Py4JJavaError: An error occurred while calling z:mssparkutils.fs.cp.
: org.apache.hadoop.fs.ChecksumException: Checksum error: file:/tmp/tmpcem75tu1/InventoryForecasting.db at 0
    at org.apache.hadoop.fs.ChecksumFileSystem$ChecksumFSInputChecker.readChunk(ChecksumFileSystem.java:264)
    at org.apache.hadoop.fs.FSInputChecker.readChecksumChunk(FSInputChecker.java:300)
    at org.apache.hadoop.fs.FSInputChecker.read1(FSInputChecker.java:252)
    at org.apache.hadoop.fs.FSInputChecker.read(FSInputChecker.java:197)
    at java.io.DataInputStream.read(DataInputStream.java:100)
    at org.apache.hadoop.io.IOUtils.copyBytes(IOUtils.java:94)
    at org.apache.hadoop.io.IOUtils.copyBytes(IOUtils.java:68)
    at org.apache.hadoop.io.IOUtils.copyBytes(IOUtils.java:129)
    at org.apache.hadoop.fs.FileUtil.copy(FileUtil.java:415)
    at org.apache.hadoop.fs.FileUtil.copy(FileUtil.java:387)
    at org.apache.hadoop.fs.FileUtil.copy(FileUtil.java:337)
    at com.microsoft.spark.notebook.msutils.impl.MSFsUtilsImpl.cp(MSFsUtilsImpl.scala:247)
    at mssparkutils.fs$.cp(fs.scala:17)
    at mssparkutils.fs.cp(fs.scala)
    at sun.reflect.GeneratedMethodAccessor162.invoke(Unknown Source)
    at sun.reflect.DelegatingMethodAccessorImpl.invoke(DelegatingMethodAccessorImpl.java:43)
    at java.lang.reflect.Method.invoke(Method.java:498)
    at py4j.reflection.MethodInvoker.invoke(MethodInvoker.java:244)
    at py4j.reflection.ReflectionEngine.invoke(ReflectionEngine.java:357)
    at py4j.Gateway.invoke(Gateway.java:282)
    at py4j.commands.AbstractCommand.invokeMethod(AbstractCommand.java:132)
    at py4j.commands.CallCommand.execute(CallCommand.java:79)
    at py4j.GatewayConnection.run(GatewayConnection.java:238)
    at java.lang.Thread.run(Thread.java:750)

I expected the file to copy, and the same method worked fine when trying with both a .txt and an .xlsx file.
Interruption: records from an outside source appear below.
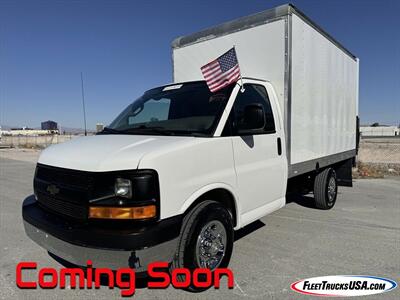 2017 Chevrolet Express 12' 3500 CUBE VAN / BOX TRUCK  with HEAVY DUTY TOMMY LIFT GATE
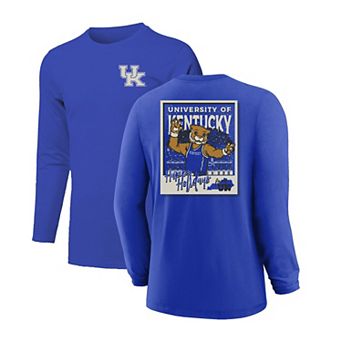 Youth Royal Kentucky Wildcats Snowy Polaroid Long Sleeve T-Shirt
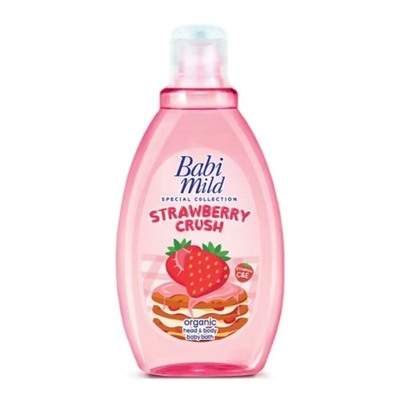 Гель для душа Babi Mild с ароматом клубники Strawberry Crush 180 мл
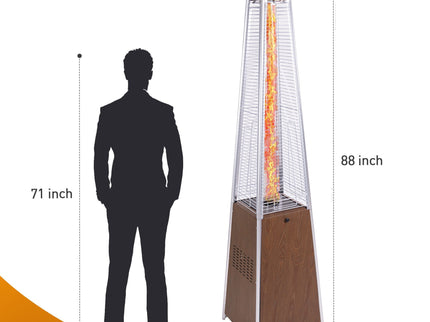 Patio Heater With Detachable Wheels, Protective Cover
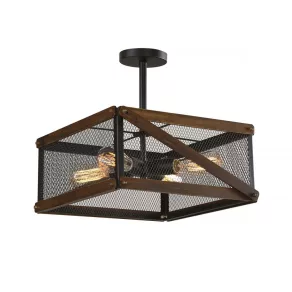   Candelabru tip loft cu 4 socluri E27 - Lazarus Klausen KL6345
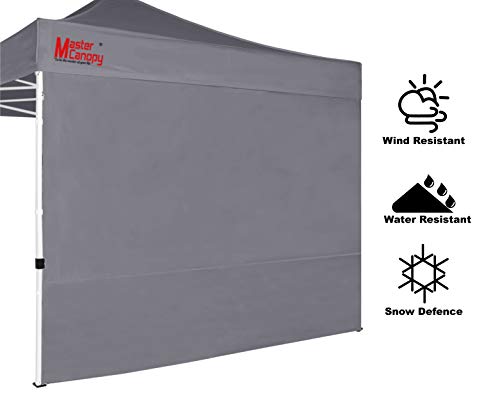 MASTERCANOPY Instant Gazebo Sidewall Panels Sunwall for 3x3M Pop Up Gazebo,1 Piece,Gray 2 MASTERCANOPY Instant Gazebo Sidewall Panels Sunwall for 3x3M Pop Up Gazebo,1 Piece,Gray - Image 2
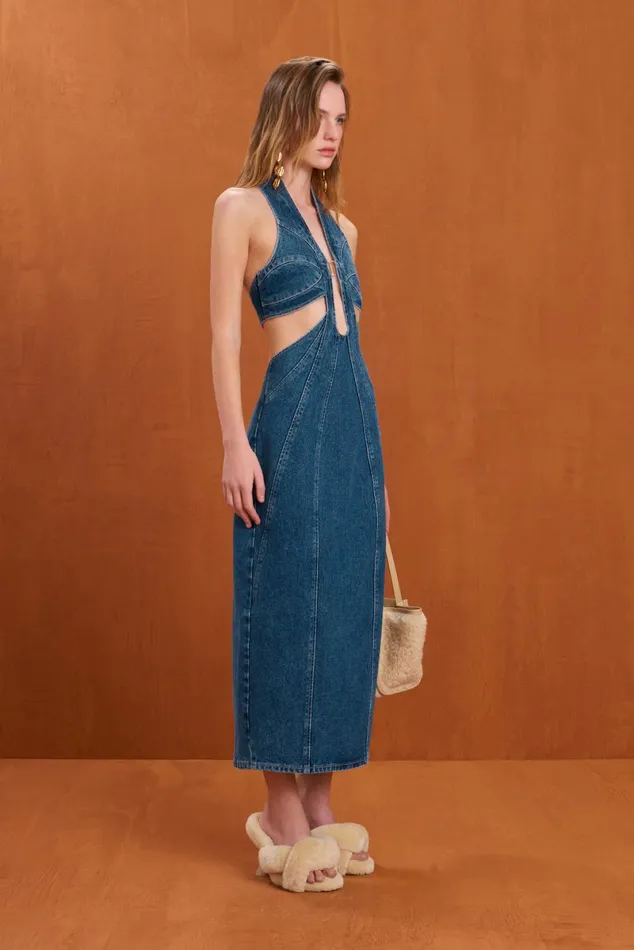 Women Cult Gaia Dresses ABI JEAN DRESS 8211 INDIGO Women Cult Gaia Dresses ABI JEAN DRESS 8211 INDIGO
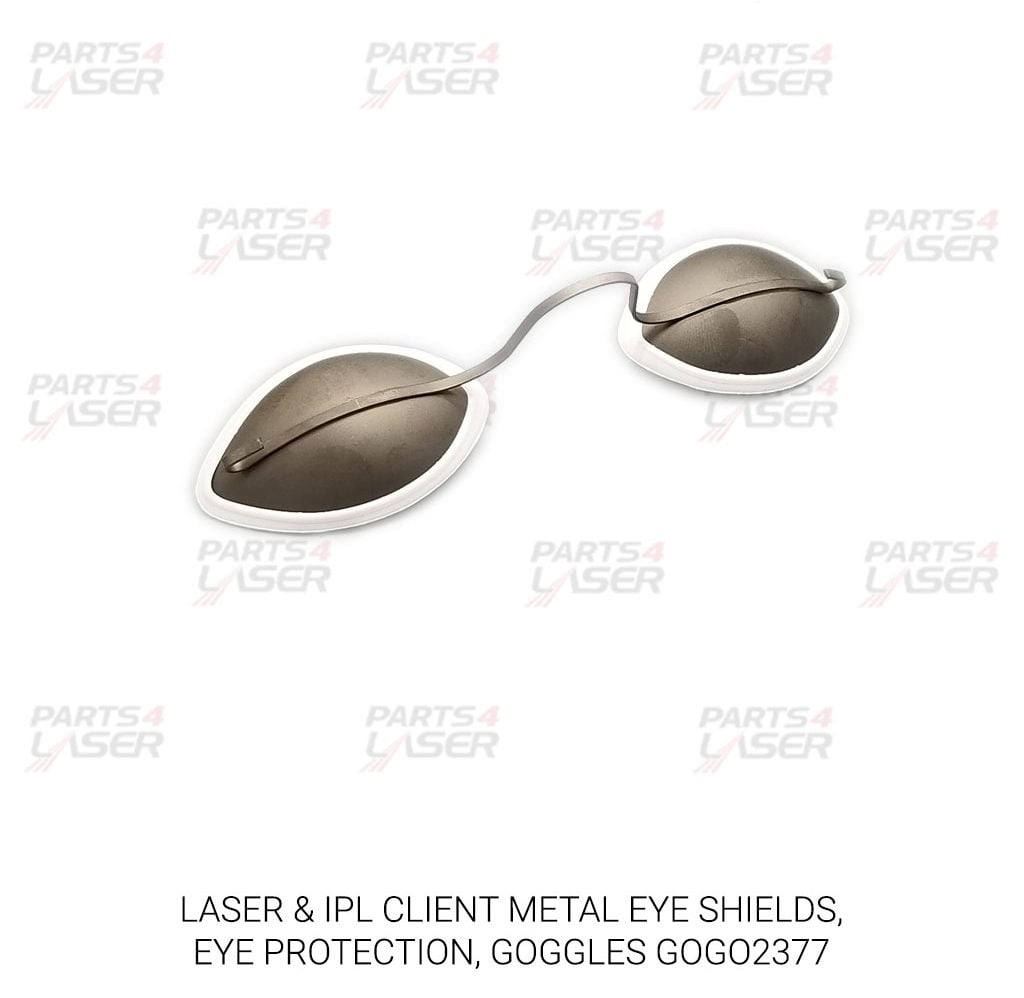 LASER & IPL CLIENT METAL EYE SHIELDS, EYE PROTECTION, GOGGLES 809-5000-000 GOGO2377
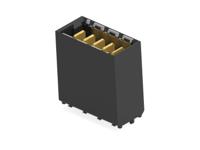 214552-e ERNI ERNI MicroSpeed Power Module Series Vertical Board Housing, 5 Contact(s), 2 mm Pitch, 1 Row, Shrouded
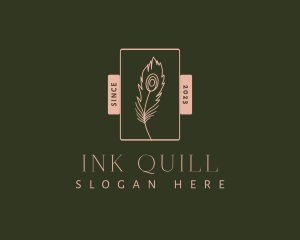 Feather Quill Writer logo design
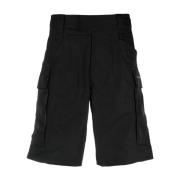 Zwarte Nylon Shorts met Velcro Patch 1017 Alyx 9SM , Black , Heren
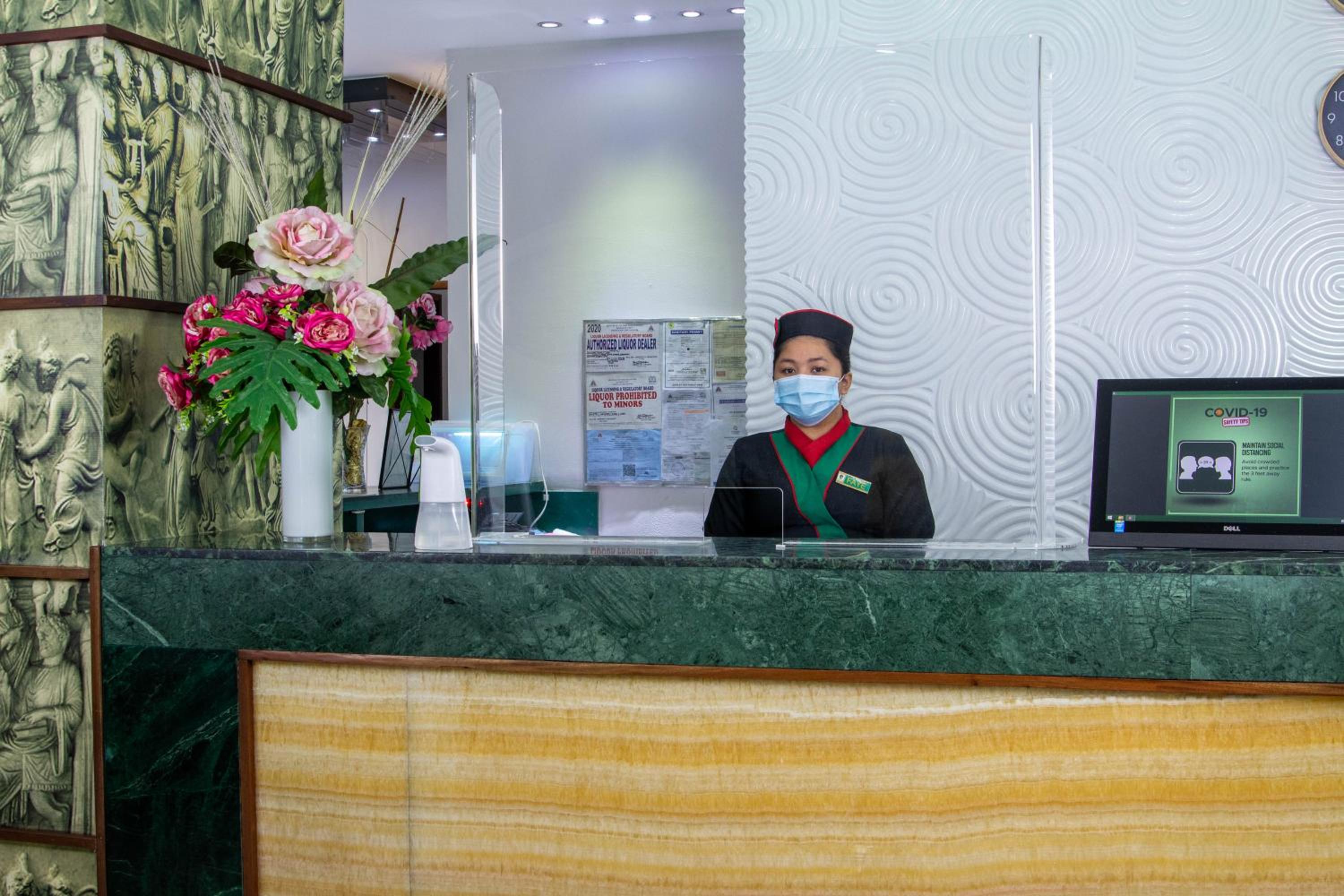 hotel reception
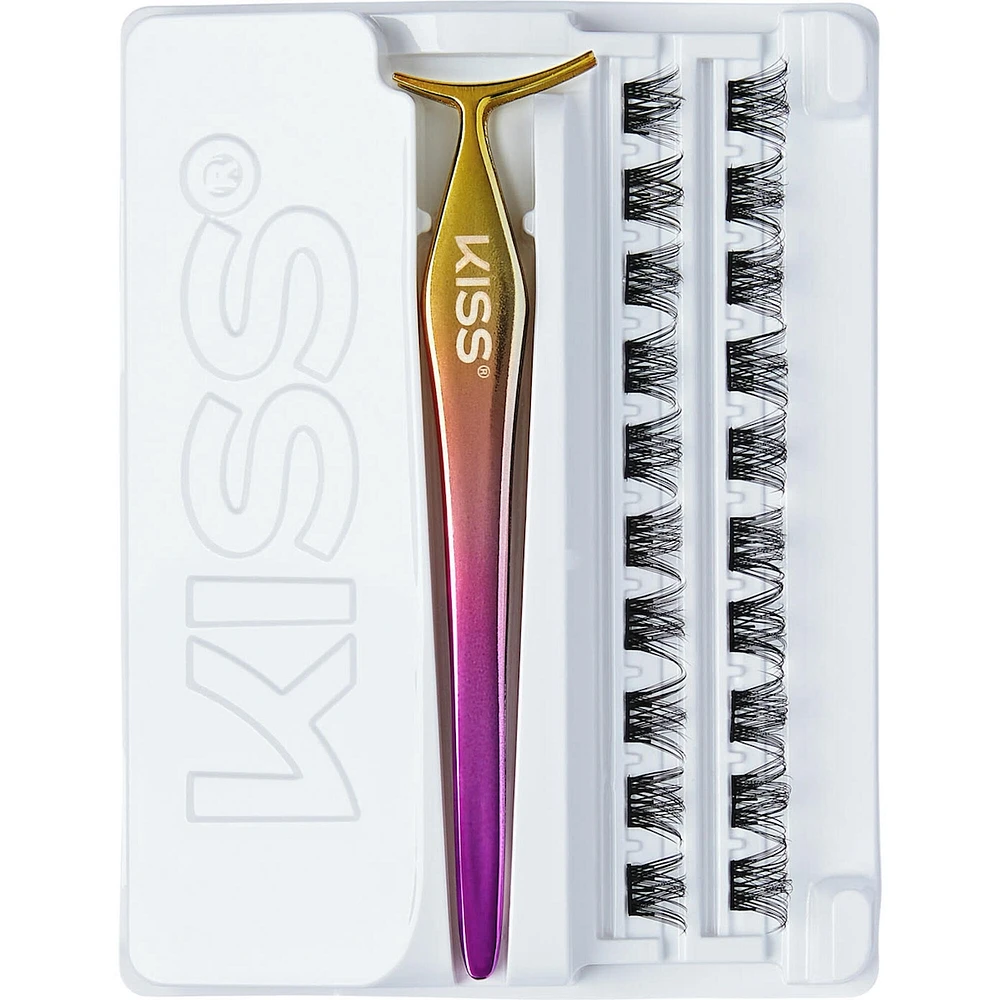 Impress Press-On Falsies Eyelashes, Voluminous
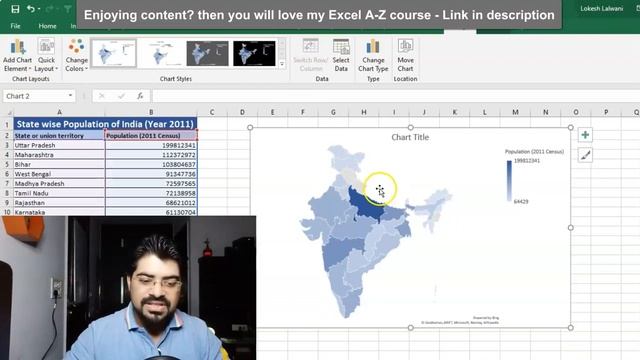 How to Make a Map Chart in Excel смотреть онлайн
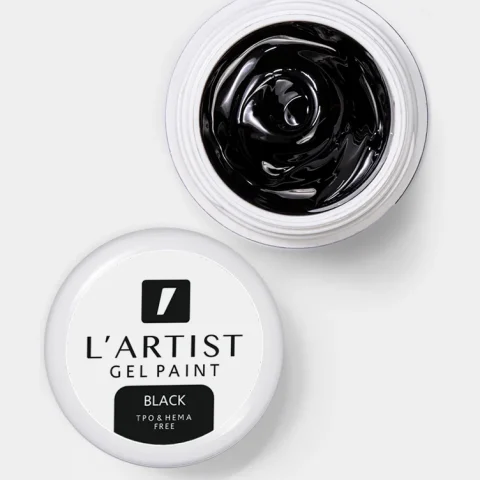 Gel paint black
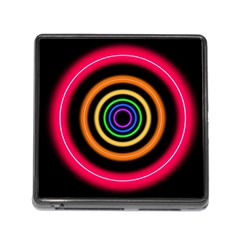 Neon Light Abstract Pattern Lines Memory Card Reader (square 5 Slot) by Sapixe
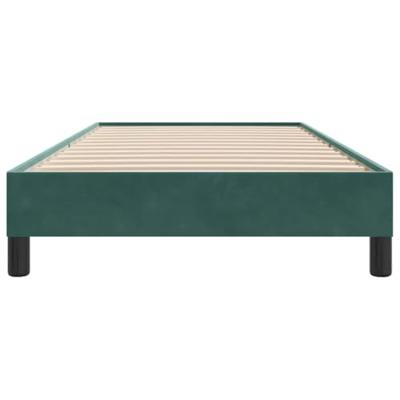 Bedframe zonder matras 80x220 cm fluweel donkergroen Bedframe zonder matras 80x220 cm fluweel donkergroen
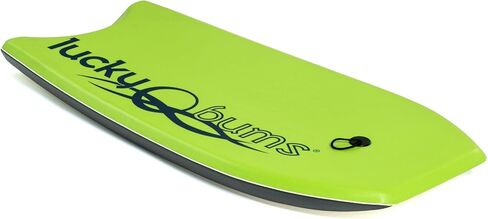 Lucky Bums Boogie Board for Kids and Adults - Body Boards for Beach, River, & Lake, Mini Wakeboard with EPS Core Slick Bottom and Leash in Kuwait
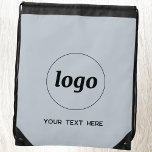 Enkel Logotyp Text Promotional Business Powder Blu Gympapåse<br><div class="desc">Lägg till din egen logotyp och ditt eget textval till den här designen. Ta bort texten om du vill. Minimalistisk och professionell. Underbar för en marknadsföringsprodukt för dina kunder och kunder. För andra versioner,  se samlingen.</div>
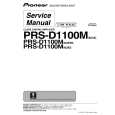 PIONEER PRS-D1100M/XU/CN5 Service Manual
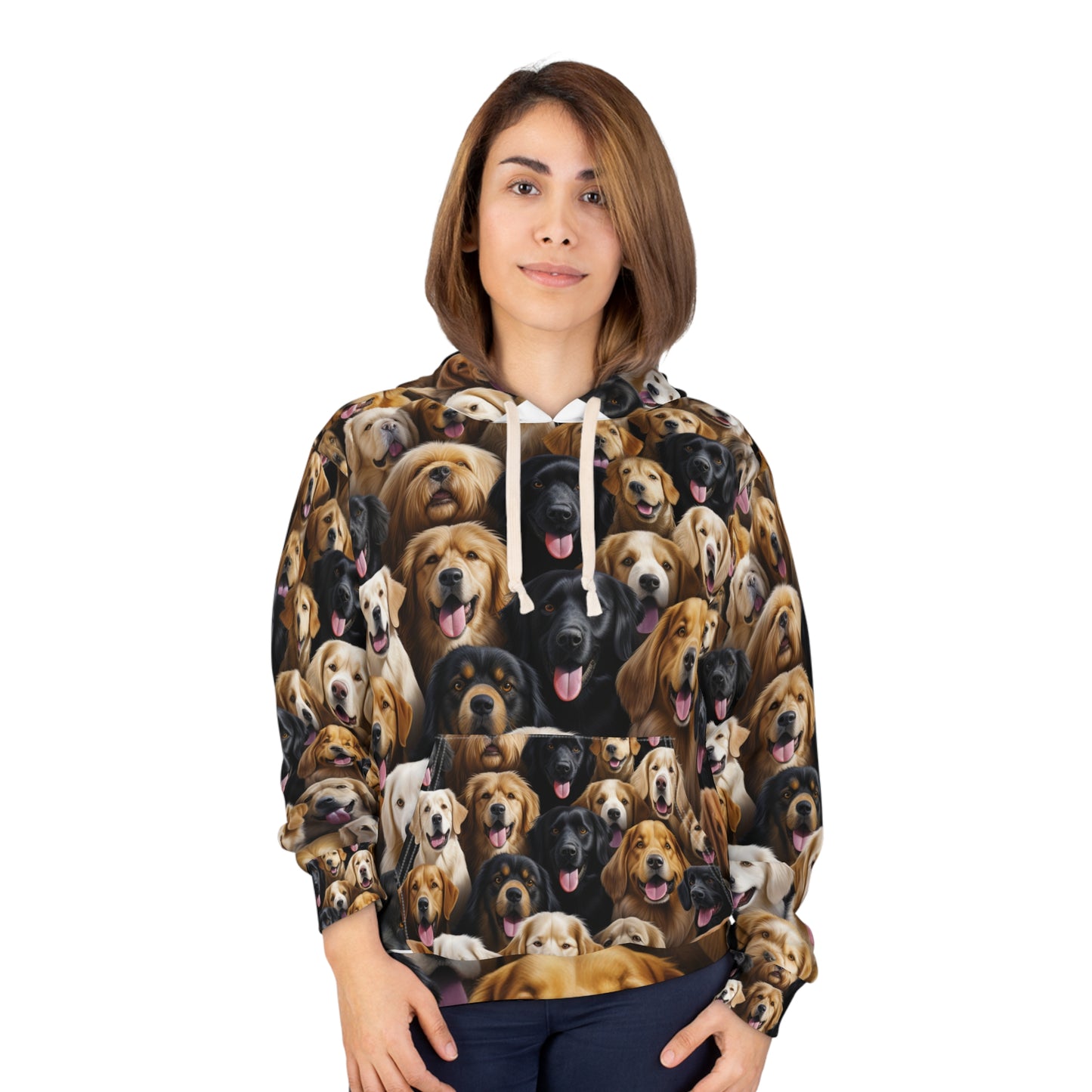 Ultra-Sharp Dog Portrait Hoodie - Bold Dog Art Hoodie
I can also get the file to copy as expected when using adlfs with fsspec, though it requires me to use put() rather than copy() as I'm copying from local storage to remote storage. There's also no problem with copying a db file from remote storage to either local storage or remote storage, so I think the issue is specific to using mssparkutils to copy a db file out of this temp directory.


Solution

  • I had the same issue with the same use case and was getting checksum error when copying some large CSV files from /mnt/temp to ADLS using mssparkutils.fs.cp() , but I did not have any issue when copying binary files without extension.

    I got a walkaround like this so that Synapse treat my CSV file in the same way as binary file:

    !mv /mnt/temp/FILENAME.csv /mnt/temp/FILENAME
    mssparkutils.fs.cp("file:/mnt/temp/FILENAME", "abfss://****/FILENAME.csv") 
    

    And it works well for me. You may try the same approach.